Camille remembered happier days of her youth, growing up in a large Italian family in New York City, with all its wonderful traditions and wonderful food.As an aside, I was curious as to what her Italian Thanksgiving food traditions were all about, as my Pennsylvania Dutch ones were surely very different. Camille described stuffed mushrooms and stuffed artichokes (definitely not on my family’s menu. Artichokes?) Yes on the turkey, gravy, (sausage) stuffing, and mashed sweet potatoes. No on the pumpkin pie. In NYC they had special Italian pastries for dessert, and nuts still in their shells that you had to crack with a nutcracker. She noted that in the early years the meal started with traditional Italian antipasti but her mom had to suspend this particular offering, as no one would then be able to eat the dinner afterward!! The meal would last for hours. In between courses, the women cleaned up for the next round and the men would rest, as the kids played games.

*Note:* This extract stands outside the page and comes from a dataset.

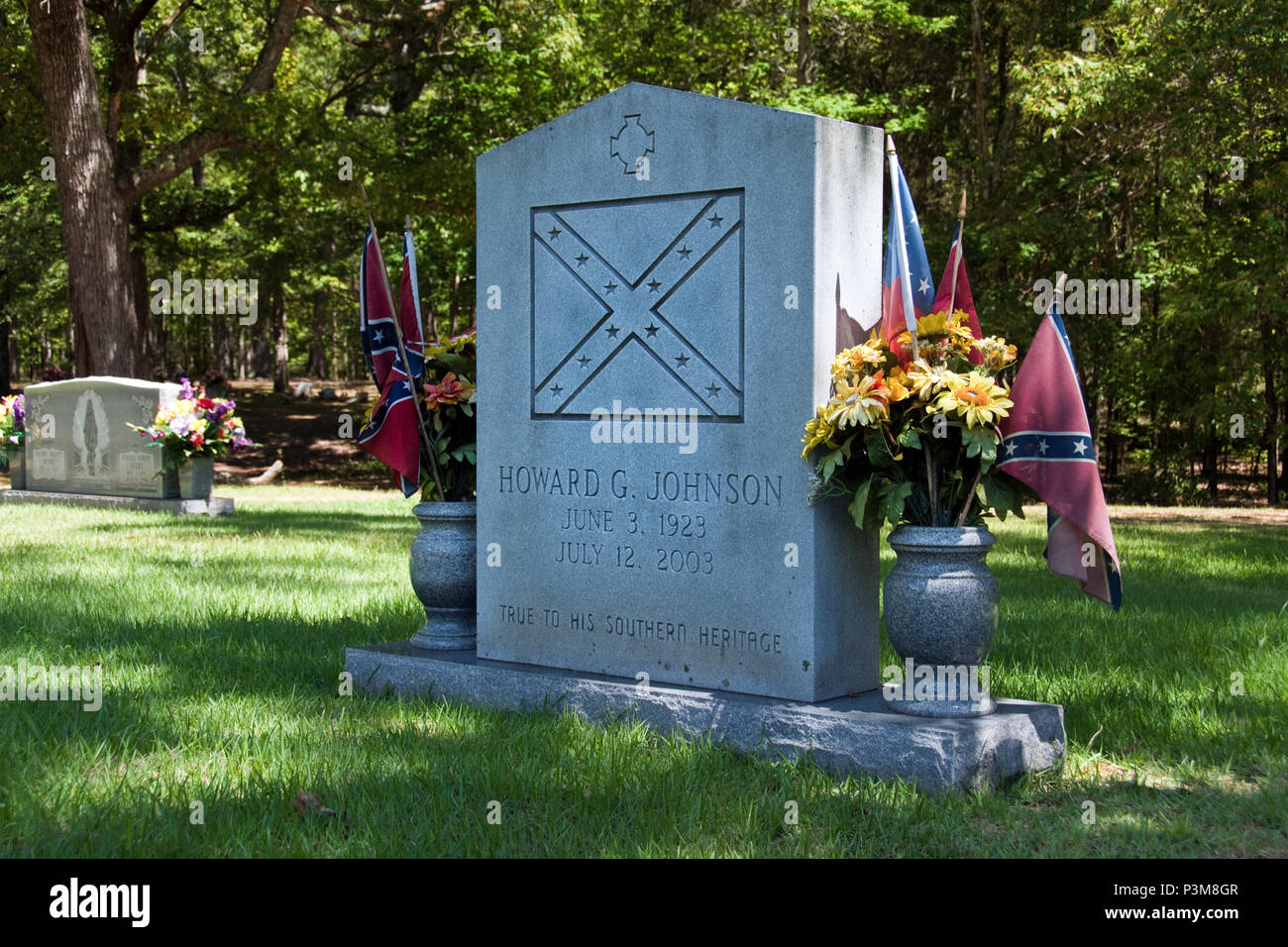 Grave of modern Confederate American at the 'Shiloh Meeting House,” Shiloh National Military Park, Tennessee. Stock Photo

Camille cooked the turkey, just as she had in all the years gone by on the Weber barbecue. This year, each of Camille’s 7 guests brought their own favorite dish from their family tradition, so the meal became a fabulous potluck, a table overflowing with delicious food, wine…and friends. As the group was seated Camille greeted them with the words: “Welcome Friends. For Thanksgiving, This is our family now.”
The youngest of the group family around the table was 69, the oldest 89. There was lots of laughter, lots of good stories. One of the ladies has been to every continent (yes, including Antarctica) and every state. She is a single woman, always has been, but that did not stop her from seeing the world.
The oldest of the group is an amazing lady named Carolyn Guertin, who shared stories about 75 years of service with the Civil Air Patrol. She is a Lt Col. US Air Force Auxiliary, Virginia Wing, joined Jan 7, 1942. She is 89 so if you do the math, she joined at 14!! She flew planes during WWII, transport and search and rescue, as she was not allowed in combat. She continued serving throughout her life, and parachuted out a plane just a few years ago! Incredible, right? Next year I want an invitation to Camille’s Thanksgiving celebration!
In the end, this was Thanksgiving in all its glory—different, yet still special and still festive. “As they said goodbye the ladies could not stop expressing their thanks,” said Camille. “But in reality, I was so grateful to them.”